Building a Safe OTA System for Audio Hardware
The Stakes
A bricked guitar pedal mid-gig is unacceptable. Our OTA system must be:
| Requirement | Why |
|---|---|
| Atomic | Partial updates can't corrupt |
| Recoverable | Power loss at any point is safe |
| Verifiable | Detect corruption before applying |
| Fast | Minimize the danger window |
The Staging Area Approach
The key insight: Never write directly to the active region during OTA.
Memory Layout
#define OTA_QSPI_ACTIVE_ADDR 0x90040000 // Bootloader loads from here
#define OTA_QSPI_STAGING_ADDR 0x90140000 // OTA writes here first
#define OTA_QSPI_MAX_SIZE 0x100000 // 1MB max firmware
The OTA State Machine
struct OtaState {
bool active = false;
uint32_t fw_size = 0;
uint32_t fw_crc_expected = 0;
uint32_t bytes_written = 0;
uint32_t crc_calculated = 0xFFFFFFFF;
uint16_t total_blocks = 0;
uint16_t blocks_received = 0;
};
Phase 1: Erase Staging Area
When OTA starts, we erase only the staging area:
void OtaStart(uint8_t* data, uint16_t len) {
// Parse expected size and CRC
ota.fw_size = data[0] | (data[1] << 8) | (data[2] << 16) | (data[3] << 24);
ota.fw_crc_expected = data[4] | (data[5] << 8) | (data[6] << 16) | (data[7] << 24);
// Validate size
if (ota.fw_size > OTA_QSPI_MAX_SIZE) {
SendNack(0x02); // Too large
return;
}
// Switch to write mode and erase staging
hw.seed.qspi.DeInit();
QSPIHandle::Config qcfg = hw.seed.qspi_config;
qcfg.mode = QSPIHandle::Config::Mode::INDIRECT_POLLING;
hw.seed.qspi.Init(qcfg);
// Erase staging area (uses 64KB block erase for speed)

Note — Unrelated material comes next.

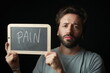 © Gio - Sad caucasian Man holding a Chalkboard with the Handwritten word  'Pain'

hw.seed.qspi.Erase(OTA_QSPI_STAGING_ADDR,
OTA_QSPI_STAGING_ADDR + ota.fw_size);
ota.active = true;
ota.bytes_written = 0;
ota.crc_calculated = 0xFFFFFFFF;
// ACK with block info
SendOtaStartAck();
}
Power failure here? No problem - active firmware is untouched.

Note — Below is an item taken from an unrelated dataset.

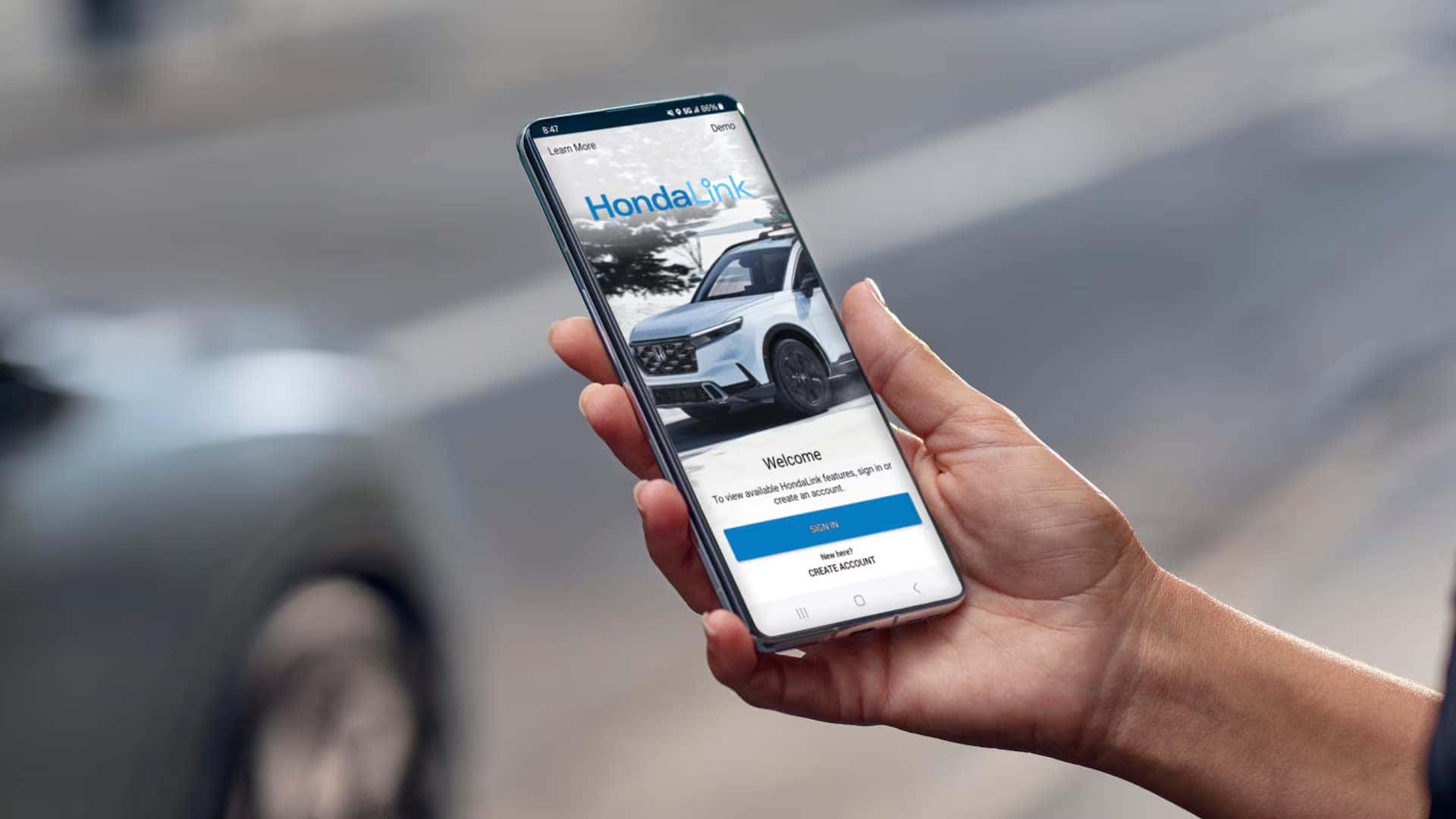 honda link app on a phone with a person holding the phone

Phase 2: Receive and Write Blocks
Data arrives in 4KB blocks:
void OtaData(uint8_t* data, uint16_t len) {
uint16_t block_num = data[0] | (data[1] << 8);
uint8_t* block_data = &data[2];
uint16_t block_size = len - 2;
// Write to staging area
uint32_t addr = OTA_QSPI_STAGING_ADDR + (block_num * OTA_BLOCK_SIZE);
hw.seed.qspi.Write(addr, block_size, block_data);
// Update running CRC
for (uint16_t i = 0; i < block_size; i++) {
ota.crc_calculated = crc32_update(ota.crc_calculated, block_data[i]);
}
ota.bytes_written += block_size;
ota.blocks_received++;
SendAckData((uint8_t*)&block_num, 2);
}
Power failure here? Staging has partial data, but active is untouched. Just retry OTA.
Phase 3: Verify CRC
Before committing, we verify the entire staged firmware:
void OtaVerify() {
// Finalize CRC calculation
uint32_t final_crc = ota.crc_calculated ^ 0xFFFFFFFF;
if (final_crc == ota.fw_crc_expected) {
// CRC matches - send success with calculated CRC
SendAckData((uint8_t*)&final_crc, 4);
} else {
// CRC mismatch - send failure with calculated CRC for debugging
SendNackData((uint8_t*)&final_crc, 4);
}
}
CRC mismatch? Discard staging, retry OTA. Active firmware untouched.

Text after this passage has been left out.